[Records from a data source]
*** Block opens ***

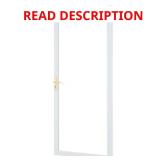 Skid Lot 36x80 Aluminum Storm Door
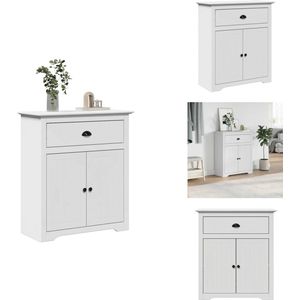 vidaXL Gang Kast - Gang Kasten - Gang Meubels - Hal Meubilair - Gangkast BODO 80x35x90 cm wit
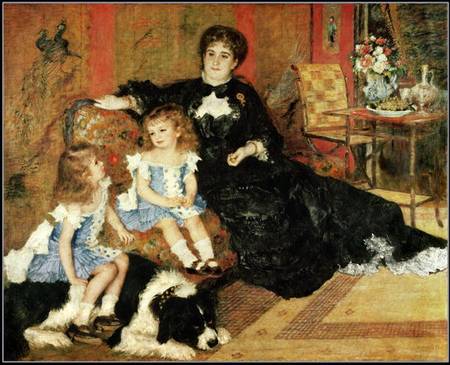 Madame Georges Charpentier and her Children de Pierre-Auguste Renoir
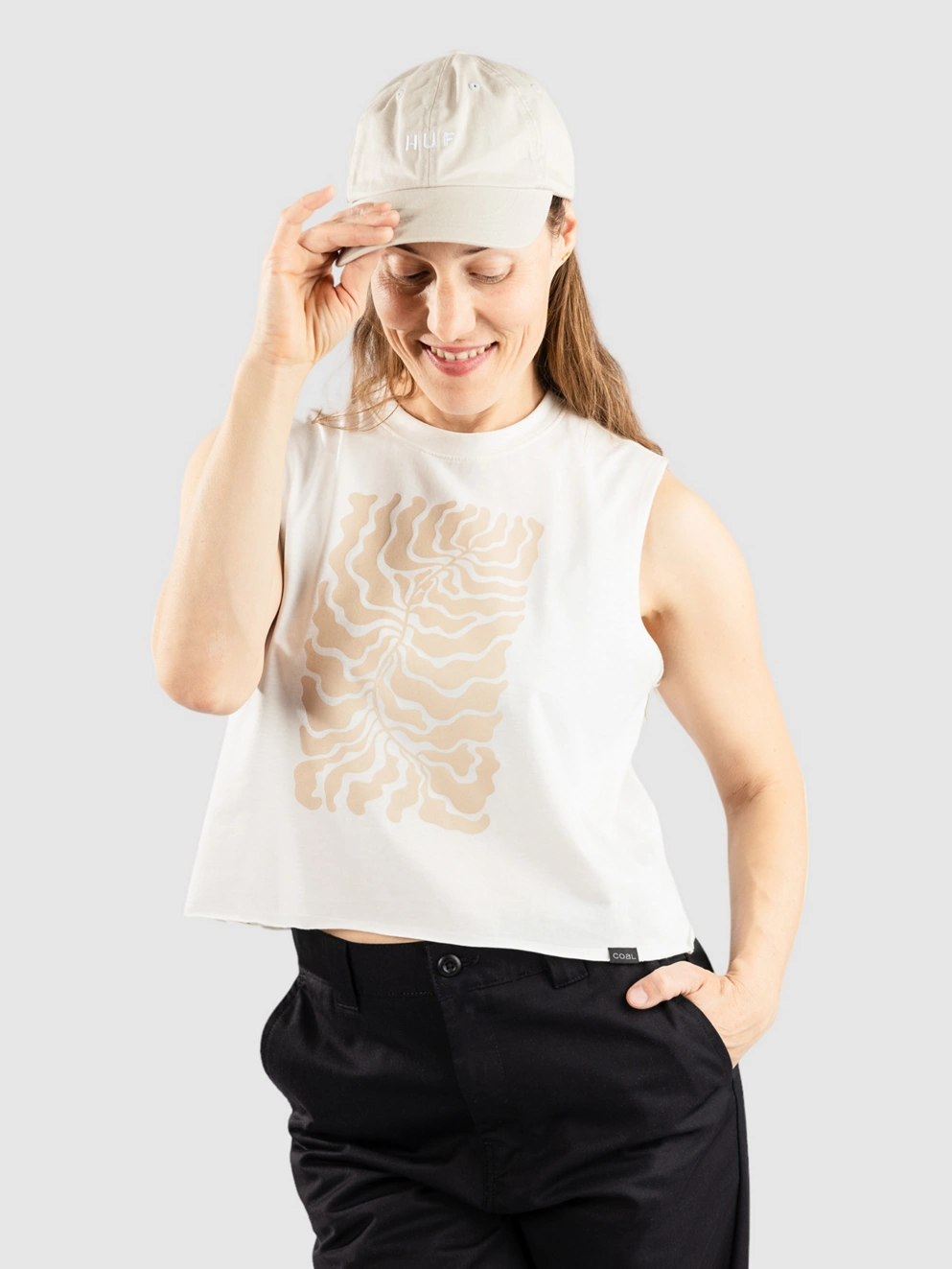 Coal Clara Tank Top egret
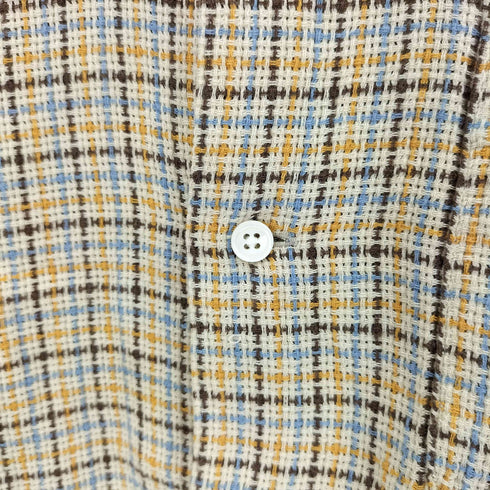 ビームスプラス BEAMS+ Open B.D. Gunclub Mes ガンクラブチェック ボタンダウン チェックシャツ メンズ L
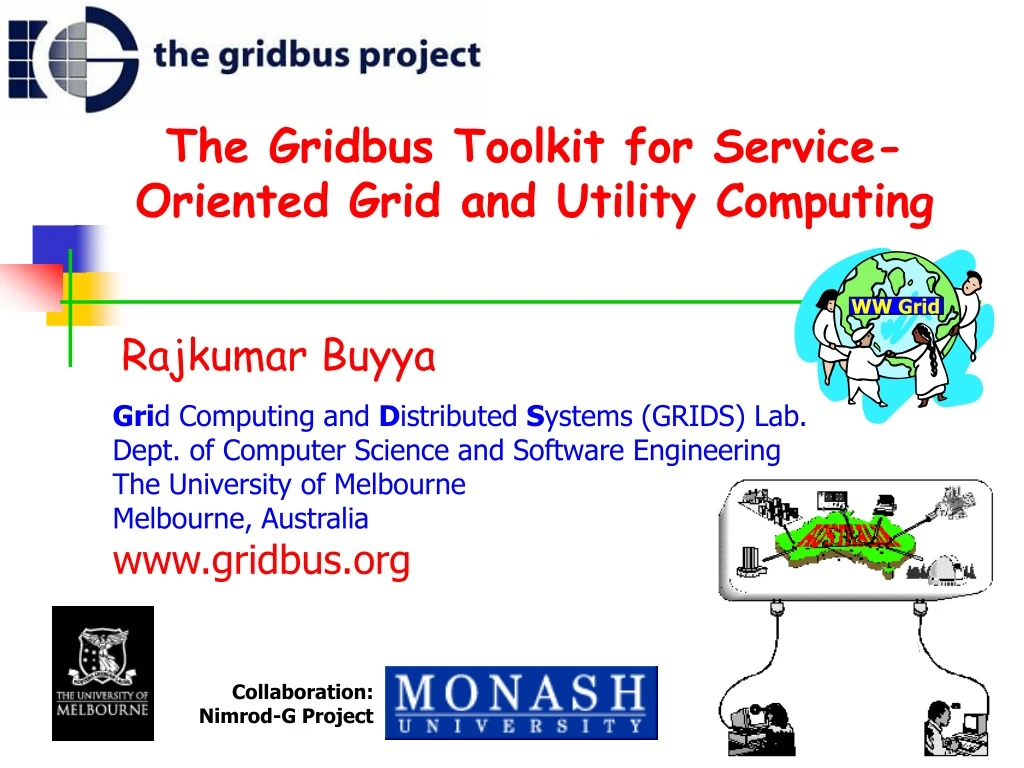 the gridbus toolkit for service oriented grid and utility computing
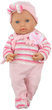 Lalka bobas LEAN Toys w rozowym swetrze w paski 40 cm (5905991009269) (955555912066345) - Outlet - obraz 3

*** Block closes ***

Task prompt: Pictures stay out. Transcribe the lines from the start of the entries above through the line with "the gridbus toolkit", exactly.

Output for this exercise:
 Skid Lot 36x80 Aluminum Storm Door
 vidaXL Gang Kast - Gang Kasten - Gang Meubels - Hal Meubilair - Gangkast BODO 80x35x90 cm wit
 Madame Georges Charpentier and her Children de Pierre-Auguste Renoir
 Coal Clara Tank Top egret
 ビームスプラス BEAMS+ Open B.D. Gunclub Mes ガンクラブチェック ボタンダウン チェックシャツ メンズ L
 the gridbus toolkit for service oriented grid and utility computing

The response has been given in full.